- The paper introduces MMSciBench, a benchmark evaluating LLMs and LVLMs on Chinese multimodal math and physics tasks using both multiple-choice and open-ended formats.
- It employs a hierarchical taxonomy with human-annotated difficulty levels to rigorously assess performance in text-only versus text-image modalities.
- Experiments show state-of-the-art models achieving up to 63.77% accuracy, highlighting significant room for improvement in visual and complex scientific reasoning.
MMSciBench: Benchmarking LLMs on Chinese Multimodal Scientific Problems
Introduction
"MMSciBench: Benchmarking LLMs on Chinese Multimodal Scientific Problems" introduces the MMSciBench benchmark to assess LLMs' (LLMs) and vision-LLMs' (LVLMs) capabilities in mathematical and physical reasoning within multimodal settings. This text-image benchmark is intended to fill gaps in current scientific evaluation practices, offering difficulty levels and a structured taxonomy of problems.
MMSciBench Overview
MMSciBench provides a comprehensive evaluation framework combining multiple-choice questions (MCQs) and open-ended question-answer pairs (Q{content}A) for math and physics. It includes text-only and text-image formats, allowing the direct comparison of models on unimodal versus multimodal tasks.

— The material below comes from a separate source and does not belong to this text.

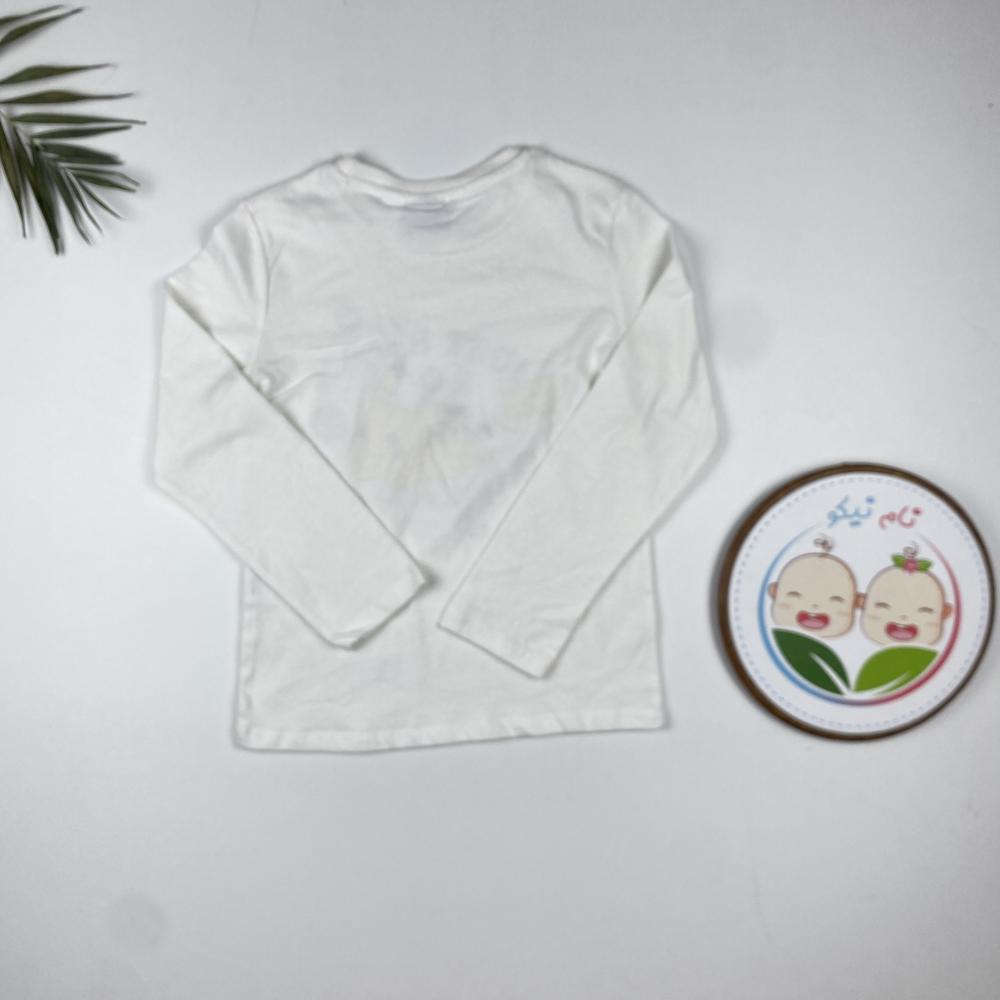 ست بلوز و شلوار دخترانه بلند طرح خرگوش زرد یقه گرد سفید رنگ - Image 3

Figure 1: The overview of MMSciBench, describing the question distribution, dataset features, and the evaluation framework.
In addition to the extensive dataset collection process which ensures quality and rigor, this benchmark is paired with a hierarchical taxonomy categorizing scientific concepts into Domain, Module, and Chapter. The multimodal nature of the dataset is designed to enable a rigorous evaluation of models' scientific reasoning, with human-annotated difficulty levels guiding this evaluation.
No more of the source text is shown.